A key part of the remit for finance leaders is looking ahead and identifying important trends that will shape the future of their business.
This helps them plan, forecast and pinpoint themes that will help support profits. At the same time, finance leaders will also isolate emerging threats and challenges in the changing economic landscape.
A new report by professional services firm EY, What's after what's next? The upside of disruption: megatrends shaping 2018 and beyond, has identified some of the up-and-coming dynamics set to shape business over the next decade. These include three major trends likely to occupy the attention of many CFOs.
1. A rebalanced global system
EY's report notes the world has been shifting to a multi-polar global order for some time, involving new rules, norms, institutions, networks and power centres, much of which are being driven by disruptive forces.
At the same time, globalisation is opening up formerly closed economies such as India, China and Russia, which are now part of the World Trade Organisation (WTO). These are the economic powerhouses of the future and local CFOs will find themselves considering how to tilt their operations towards these nations.

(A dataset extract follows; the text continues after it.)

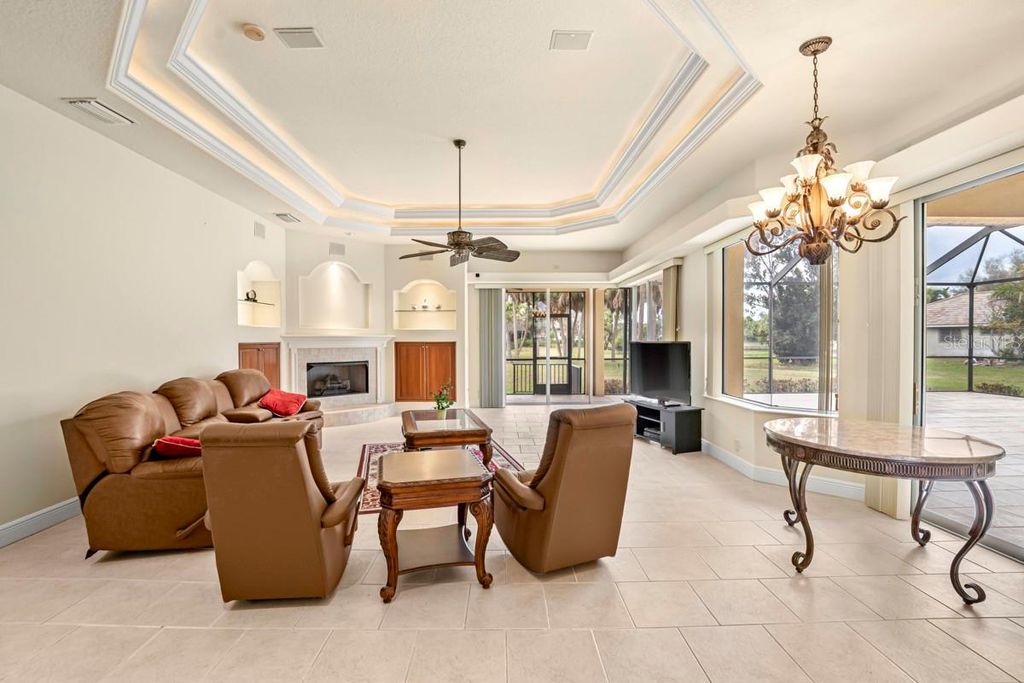 Image 4 of property listing at 6197 9TH AVENUE CIRCLE NE, Bradenton, FL 34212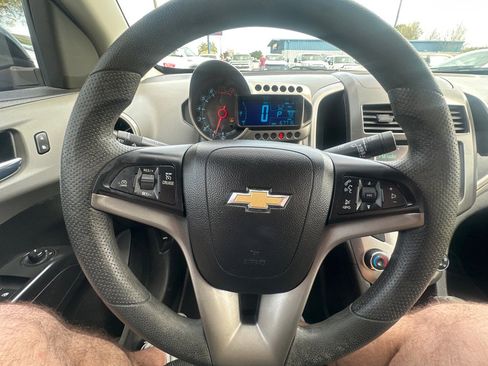 Used 2016 Chevrolet Sonic LT FWD image 15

Economic growth in India and China is far outstripping growth in developed countries, leading to improved living standards. According to data India's annual growth rate is running at 7.7 per cent, while China's is 6.7 per cent.
Importantly, technology is supporting growth in these nations, as well as a more co-ordinated global supply chain.
Stuart Fechner, Director, Retail Research Relationships, Bennelong Funds Management, also names globalisation as one of the main megatrends that is likely to shape the Australian economy in coming years.
“Within globalisation, emerging Asia and its rising middle class is a major theme. It's important to understand few trends operate in isolation. One thing often leads to another, whether that be further challenges or added benefits and there are always related impacts," he says.
Fechner believes more Australian companies are looking to link their supply chain to Asia to access better products, improve cost efficiencies, sell to Asian consumers or attract investors. “Business are also looking to access markets that are growing faster than Australia's," he adds.
His advice to CFOs who may not yet be building relationships with Asian businesses is to become involved in industry forums and groups. “It's also important to reassess current operating practices before going offshore."
Fechner says it's important for CFOs to understand the different legal systems in any jurisdictions outside Australia with which they are doing business. “You can't always go to another country and operate as you do in Australia." He warns that it's also important to consider any currency impacts when operating offshore.
While recently there have been signs of growing trade tensions, Fechner says this is a contrast to the globalisation theme, which is a powerful force.
2. The emergence of superfluid markets
The pace with which business operates is getting faster and this trend will only continue over time. In fact, it will be one of the defining features of the global economy, according to EY.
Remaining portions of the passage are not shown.